Solving Recurring Relations Can you please help, my son has been trying for over two hours now to solve the following:
A sequence of terms $\left\{u_n\right\}$ is defined for $n\geq 1$, by the recurrence relation:
$$u_{n+1}=u_n/3.$$
Find $u_2$, $u_3$, $u_4$ and $u_5$ in terms of $u_1$.
Thank you
 A: Hint:  You just need to plug into the formula.  So $u_2=\frac {u_1}3$.  Now  $u_3=\frac {u_2}3=?$
A: $u_2 = \frac {u_1}{3}$  
$u_3 = \frac {u_1}{9}$  
$u_4 = \frac {u_1}{27}$  
$u_5 = \frac {u_1}{27 \times 3 = 81}$  
A: Since your son (and thus you...) might face similar exercises in the future it will not hurt to state the general idea.
You have some sequence $u_n$ defined not by a formula, but by some kind of relationship between nearby values.   In this question, the relationship is between adjacent values.  The specification "$u_{n+1}=u_{n}/3$" means you have a collection of equations, one for each $n=1,2,3,4...$, that starts $u_2 = u_1 / 3$, then $u_3 = u_2/3$ and so on. 

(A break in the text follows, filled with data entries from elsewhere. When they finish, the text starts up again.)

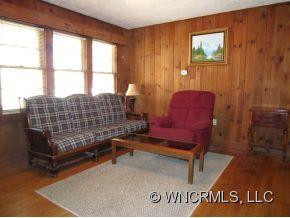 18 Goldmont - Photo 3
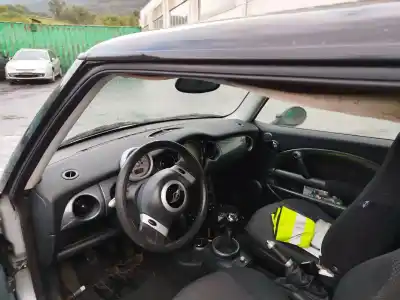 Scrapping Vehicle mini mini (r50, r53) cooper of the year 2002 powered w10 b16 a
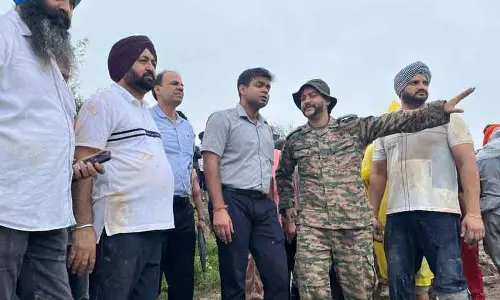 Ludhiana: सासराली कॉलोनी गांव बाढ़ के खतरे में Ludhiana: सासराली कॉलोनी गांव बाढ़ के खतरे में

All these equations let you compute the next term from previous terms, compiling a list of the values of $u_1, u_2, u_3, \ldots$ one by one in order.  The important thing is that at every step the "next" term you would like to compute, can be "solved for", using one of the equations, from some of the earlier already-computed values in the sequence.  For example we can calculate $u_3$ from $u_2$ in this case, and every $u_n$ can be determined from the one before, except a few initial values (in this case, $u_1$) for which there is no equation relating them to previous terms of the sequence.   
The initial values determine all the later terms of the sequence, and are usually an external specification that determines, from the many different sequences that satisfy the recurrence relation, which particular one is being considered.  We don't solve for them (in most cases), we state what they are and that uniquely defines the rest of the sequence.
In some simple or lucky cases the recurrence relation can be converted into a formula that takes $n$ and directly writes down $u_n$ without computation of all earlier terms.  This is not something to expect as a possibility for more complicated recursions.